23. The proportion of people who thought that the government should pay for the care of older people who need regular help with looking after themselves, no matter how much money the person has, declined between 2007 and 2013 (from 55% to 45%). Over the same period there has been an increase in the proportion who thought that who pays for the care should depend on how much money the person has (from 42% in 2007 to 51% in 2013).
24. In 2013, views on care provision varied in relation to newspaper readership (broadsheet readers were less likely than tabloid readers to think 'government should pay for care, no matter how much money the person has') and education levels (those with standard grades or no formal qualifications were more likely than those with Highers or a degree level education to say the 'government should pay for care, no matter how much money the person has').
Changing views about social capital and life satisfaction
25. There was a notable, and perhaps surprising, degree of stability in life satisfaction measures as assessed both before and after the recession in 2008. People in Scotland had high levels of satisfaction with their job, their family and personal life, their standard of living, and their life as a whole, and these measures have all held up strongly following the recession. Below average levels of life satisfaction were found among those who were permanently sick or disabled, the unemployed, those who were divorced or single and among both young people (aged 18-24) and older people (aged over 65).
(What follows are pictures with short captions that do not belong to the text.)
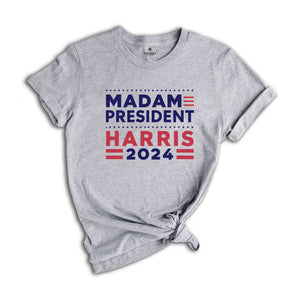 Madam President Kamala Harris 2024 Shirt, Kamala Harris 2024 Shirt, Kamala Rally Shirt, Madam President Feminist Gift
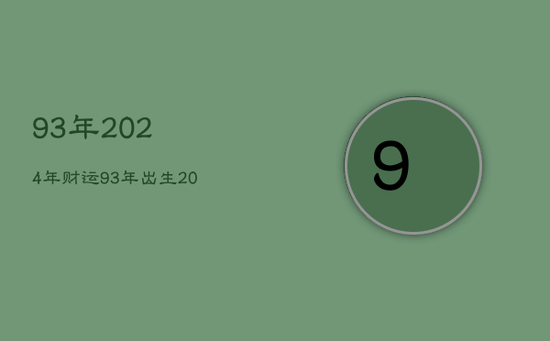 93年2024年财运，93年出生2024年多大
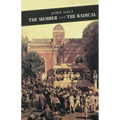 The Member and the Radical - Paperback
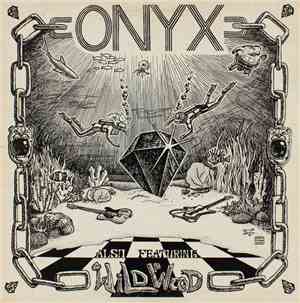 Onyx  & Wildwood  - Onyx Also Featuring Wildwood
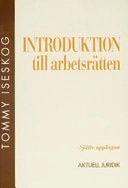 Introduktion till arbetsrätten; Norstedts Juridik; 2004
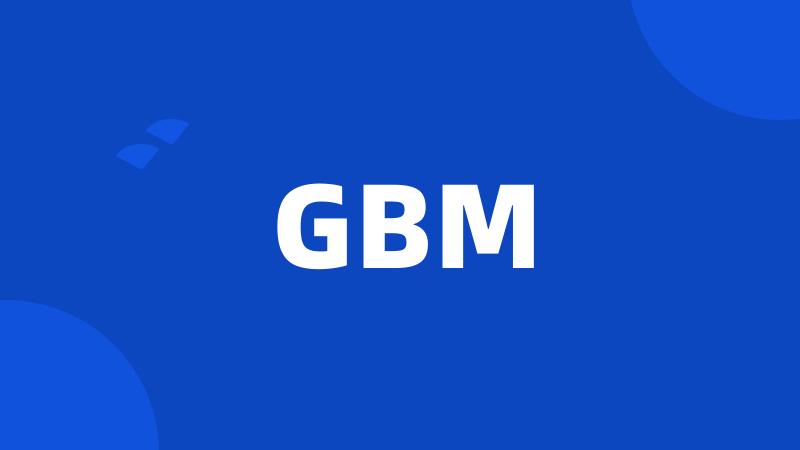 GBM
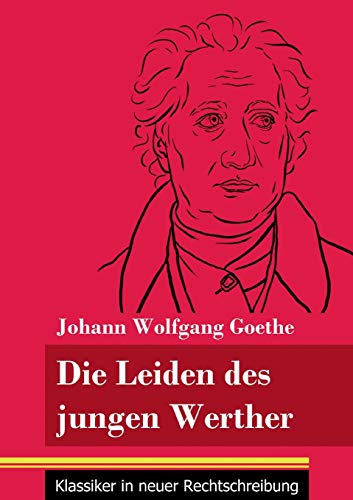Die Leiden des jungen Werther: (Band 31, Klassiker in neuer Rechtschreibung)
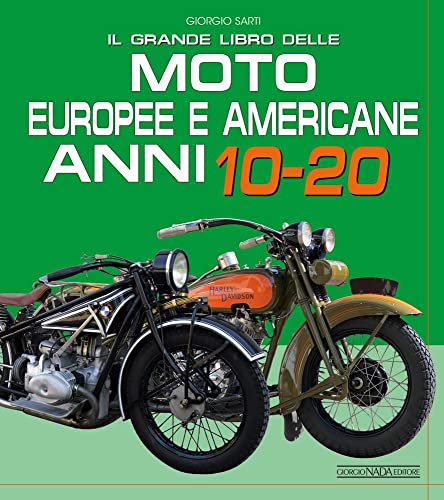 9788879117784: Il grande libro delle moto europee e americane anni 10-20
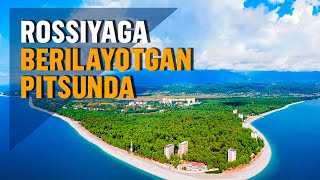 Pitsunda mojarosi – Rossiya yana bir o‘lkani o‘ziniki qilib oladimi?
26. Social connectedness, as measured by contact with, and reliance on, people in the local area was also fairly high, with three quarters of people in Scotland feeling that they have regular contact with people who live locally.
27. Participation in activities which have a 'civic' dimension was widespread in Scotland, with an increase in both active (e.g. attending a protest, or contacting an MP or MSP) and more passive, or socially distant, activities (e.g. signing a petition, giving money to a campaign) since 2009. The degree of social trust which exists (i.e. the extent to which people feel that others can be trusted) was, however, low by comparison, with almost half of the people in Scotland (46%) feeling that 'you can't be too careful in dealing with people'. The levels of social trust were even lower when first measured in 2000 (when 53% said 'you can't be too careful in dealing with people') but have remained fairly constant (between 44% and 46% selecting this statement) when asked on four occasions between 2004 and 2013.
28. Both social connectedness and social trust were found to be quite strongly associated with life satisfaction, with those who were least socially connected, and those least trusting of others, having lower life satisfaction than others.